Chapter 6: Monitoring, Reporting, and Verification for Ocean Alkalinity Enhancement

Autor: Ho, David T., Bopp, Laurent, Palter, Jaime B., Long, Matthew C., Boyd, Philip, Neukermans, Griet, Bach, Lennart
Jazyk: angličtina
Rok vydání: 2023
ISSN: 2752-0706
Popis: Monitoring, Reporting, and Verification (MRV) refers to the multistep process of monitoring the amount of greenhouse gas removed by a Carbon Dioxide Removal (CDR) activity and reporting the results of the monitoring to a third party. The third party then verifies the reporting so the results. While MRV is usually conducted in pursuit of certification in a voluntary or regulated CDR market, this chapter focuses on key recommendations for MRV relevant to ocean alkalinity enhancement (OAE) research. Early-stage MRV for OAE research may become the foundation on which markets are built. Therefore, we argue that such research carries a special obligation toward comprehensiveness, reproducibility, and transparency. Observational approaches during field trials should aim to quantify the delivery of alkalinity to seawater and monitor for secondary precipitation, biotic calcification, and other ecosystem changes that can feed back on sources or sinks of greenhouse gases where alkalinity is measurably elevated.
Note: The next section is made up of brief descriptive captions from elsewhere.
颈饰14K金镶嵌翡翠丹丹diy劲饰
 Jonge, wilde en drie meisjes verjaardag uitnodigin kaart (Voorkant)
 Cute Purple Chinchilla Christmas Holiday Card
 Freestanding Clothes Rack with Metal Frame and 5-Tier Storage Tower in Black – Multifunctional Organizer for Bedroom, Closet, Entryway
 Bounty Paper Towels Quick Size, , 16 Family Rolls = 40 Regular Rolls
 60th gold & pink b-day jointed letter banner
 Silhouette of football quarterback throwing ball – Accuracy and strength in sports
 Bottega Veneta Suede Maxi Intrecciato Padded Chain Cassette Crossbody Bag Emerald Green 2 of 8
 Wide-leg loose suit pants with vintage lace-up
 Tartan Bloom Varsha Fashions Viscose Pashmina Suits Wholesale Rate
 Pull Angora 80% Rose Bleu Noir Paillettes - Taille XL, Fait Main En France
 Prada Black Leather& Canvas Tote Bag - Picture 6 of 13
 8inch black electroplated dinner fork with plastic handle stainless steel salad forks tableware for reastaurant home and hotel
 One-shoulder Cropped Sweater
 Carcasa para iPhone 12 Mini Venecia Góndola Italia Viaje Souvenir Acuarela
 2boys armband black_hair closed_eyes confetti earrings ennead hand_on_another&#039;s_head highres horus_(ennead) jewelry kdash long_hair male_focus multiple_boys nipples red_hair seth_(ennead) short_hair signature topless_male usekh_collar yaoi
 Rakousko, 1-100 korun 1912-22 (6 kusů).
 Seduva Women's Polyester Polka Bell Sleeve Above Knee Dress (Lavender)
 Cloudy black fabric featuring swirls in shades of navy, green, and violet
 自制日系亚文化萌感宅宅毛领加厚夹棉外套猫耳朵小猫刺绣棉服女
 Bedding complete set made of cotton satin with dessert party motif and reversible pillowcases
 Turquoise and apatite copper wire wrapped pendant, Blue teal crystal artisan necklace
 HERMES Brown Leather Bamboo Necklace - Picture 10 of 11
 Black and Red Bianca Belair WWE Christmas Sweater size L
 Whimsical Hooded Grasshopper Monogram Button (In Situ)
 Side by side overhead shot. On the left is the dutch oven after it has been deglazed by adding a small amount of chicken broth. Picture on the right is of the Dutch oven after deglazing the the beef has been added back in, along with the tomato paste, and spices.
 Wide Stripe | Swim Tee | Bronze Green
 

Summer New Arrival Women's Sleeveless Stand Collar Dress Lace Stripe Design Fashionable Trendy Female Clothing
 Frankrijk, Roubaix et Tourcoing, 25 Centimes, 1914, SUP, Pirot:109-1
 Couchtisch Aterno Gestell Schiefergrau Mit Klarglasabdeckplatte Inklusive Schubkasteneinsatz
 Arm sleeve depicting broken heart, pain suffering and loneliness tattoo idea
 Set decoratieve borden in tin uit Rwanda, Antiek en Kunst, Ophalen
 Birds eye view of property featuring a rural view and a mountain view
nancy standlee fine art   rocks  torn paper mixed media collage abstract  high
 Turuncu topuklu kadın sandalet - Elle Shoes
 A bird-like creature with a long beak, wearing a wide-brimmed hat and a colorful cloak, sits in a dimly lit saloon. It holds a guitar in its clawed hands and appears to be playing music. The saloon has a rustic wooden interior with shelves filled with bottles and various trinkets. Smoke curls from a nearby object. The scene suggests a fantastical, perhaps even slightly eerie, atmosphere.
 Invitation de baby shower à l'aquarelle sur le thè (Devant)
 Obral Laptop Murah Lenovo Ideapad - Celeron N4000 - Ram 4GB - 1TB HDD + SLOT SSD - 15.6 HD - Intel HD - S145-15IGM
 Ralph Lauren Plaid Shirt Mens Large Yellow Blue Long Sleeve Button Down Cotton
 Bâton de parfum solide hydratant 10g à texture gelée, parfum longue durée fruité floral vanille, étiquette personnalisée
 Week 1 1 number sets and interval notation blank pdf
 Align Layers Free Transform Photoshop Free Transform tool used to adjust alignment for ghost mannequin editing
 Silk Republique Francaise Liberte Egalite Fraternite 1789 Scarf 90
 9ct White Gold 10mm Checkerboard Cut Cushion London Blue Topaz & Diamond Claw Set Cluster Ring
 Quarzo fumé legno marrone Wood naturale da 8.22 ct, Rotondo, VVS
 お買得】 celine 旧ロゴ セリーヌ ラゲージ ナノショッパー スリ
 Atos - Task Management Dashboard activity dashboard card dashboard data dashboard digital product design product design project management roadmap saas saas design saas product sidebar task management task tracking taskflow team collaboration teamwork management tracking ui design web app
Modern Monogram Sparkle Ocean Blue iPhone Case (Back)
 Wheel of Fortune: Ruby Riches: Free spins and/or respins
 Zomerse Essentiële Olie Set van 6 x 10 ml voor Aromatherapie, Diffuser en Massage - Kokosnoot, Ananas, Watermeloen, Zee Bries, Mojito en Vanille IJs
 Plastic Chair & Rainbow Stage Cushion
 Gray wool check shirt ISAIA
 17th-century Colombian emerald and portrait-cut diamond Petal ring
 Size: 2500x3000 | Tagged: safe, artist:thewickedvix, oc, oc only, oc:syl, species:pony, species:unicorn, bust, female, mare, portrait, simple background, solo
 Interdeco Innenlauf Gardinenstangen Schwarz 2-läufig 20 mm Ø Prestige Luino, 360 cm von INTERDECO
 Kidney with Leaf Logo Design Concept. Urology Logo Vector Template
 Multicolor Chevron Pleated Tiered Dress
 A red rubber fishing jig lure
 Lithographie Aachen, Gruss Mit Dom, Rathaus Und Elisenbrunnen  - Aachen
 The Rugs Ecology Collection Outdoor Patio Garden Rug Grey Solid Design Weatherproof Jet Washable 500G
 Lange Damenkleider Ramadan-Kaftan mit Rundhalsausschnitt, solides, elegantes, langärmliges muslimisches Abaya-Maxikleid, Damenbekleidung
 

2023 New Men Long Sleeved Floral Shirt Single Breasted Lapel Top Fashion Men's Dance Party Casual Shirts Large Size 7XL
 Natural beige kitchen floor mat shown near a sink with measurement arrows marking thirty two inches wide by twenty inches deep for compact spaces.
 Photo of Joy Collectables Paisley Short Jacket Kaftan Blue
Observations of resultant shifts in ocean pCO2 and pH can help determine the efficacy of OAE and are amenable to autonomous monitoring. However, because the ocean is turbulent and energetic and CO2 equilibration between the ocean and atmosphere can take several months or longer, added alkalinity will be diluted to perturbation levels undetectable above background variability on timescales relevant for MRV. Therefore, comprehensive quantification of carbon removal via OAE will be impossible through observational methods alone and numerical simulations will be required. The development of fit-for-purpose models, carefully validated against observational data, will be a critical part of MRV research.